1. Rollout of 4G Networks
There are still many countries around the world (particularly developing countries) which do not have 4G LTE-M or NB-IoT coverage, and may not for some time.
On top of this, given how new the networks are, many operators are still getting roaming agreements in place. 2G and 3G networks have been long established so this has all been put in place.

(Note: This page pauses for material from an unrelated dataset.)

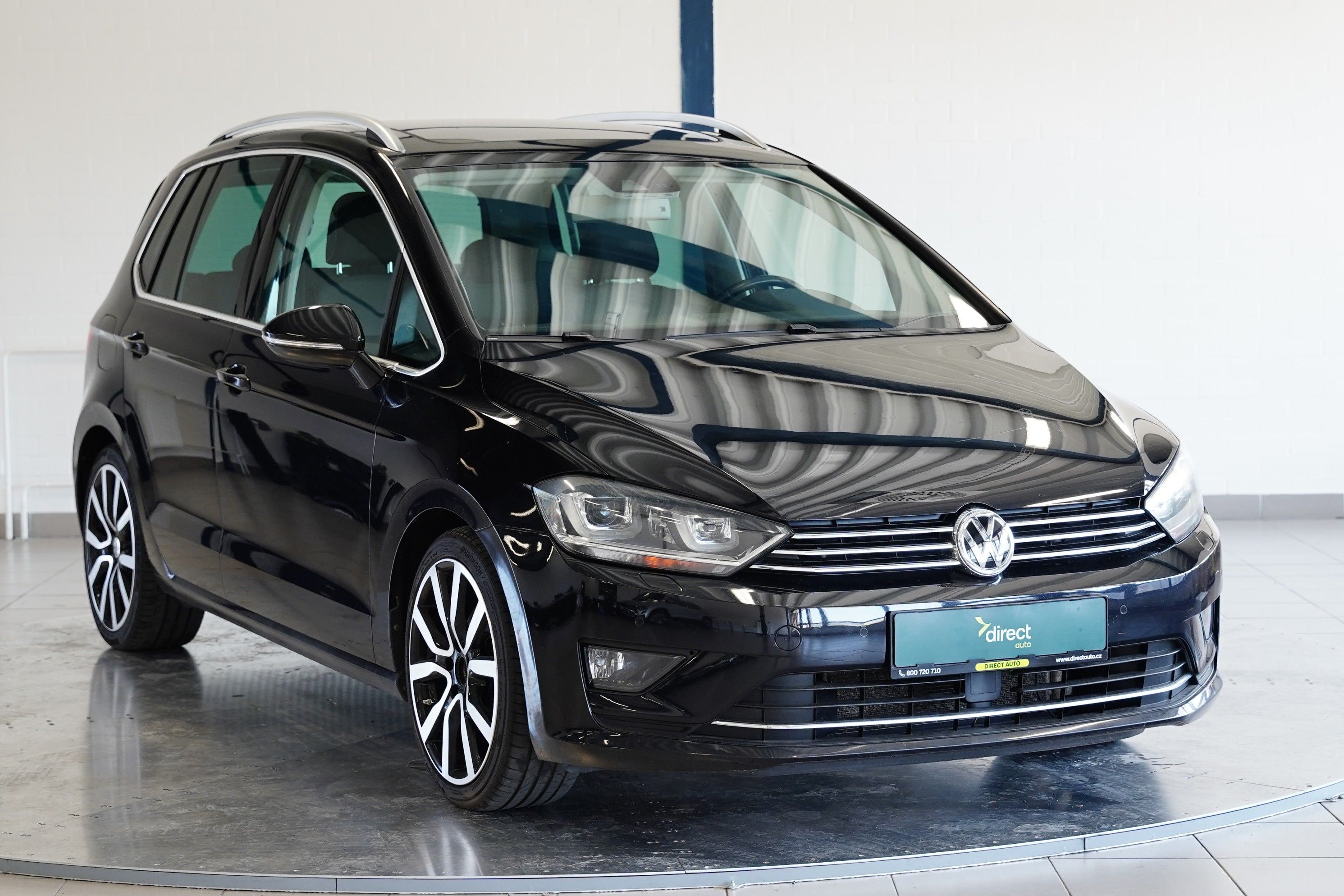 Volkswagen Golf Sportsvan, 1.4 TSI 110 kW Highline DSG - fotka 2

More and more 4G LTE-M/NB-IoT enabled roaming SIM cards are becoming available as time progresses.
2. Network settings
While a SIM card may be able to roam to multiple countries and use networks in these locations, the specific mobile networks may require advanced or specific configuration in regards to what APN is set, and what LTE bands the devices connect on. This is hard to manage if each country requires a different set up, as then we cannot use the same set up to ensure connectivity is maintained in all countries.
In general, it is a good idea to set the APN explicitly in parameters for a roaming SIM - even if it can get online without doing so - 4G APN - How do I set the APN to connect to the network?
3. Roaming SIM Battery Life Impact.
Some roaming SIM cards trigger the device to regularly turn on it's modem, and scan for extended periods of time to search for a 'home' network. This is a setting set on the SIM, and can't be worked around/turned off via device parameters.
These scans significantly increase battery drain. With some worst-case examples using approximately 10% of device battery per month, just on the SIM-controlled network scanning. Some SIM cards are better 'behaved' than others and do not cause excessive battery drain.
See Roaming SIM Cards - Battery Life Impact for details including results of SIM cards we have tested.
So what's the bottom line?
- If roaming on 4G is required, you must ensure there is a 4G network available in all countries the device may end up.
- Avoid roaming SIM cards which cause excessive device battery drain.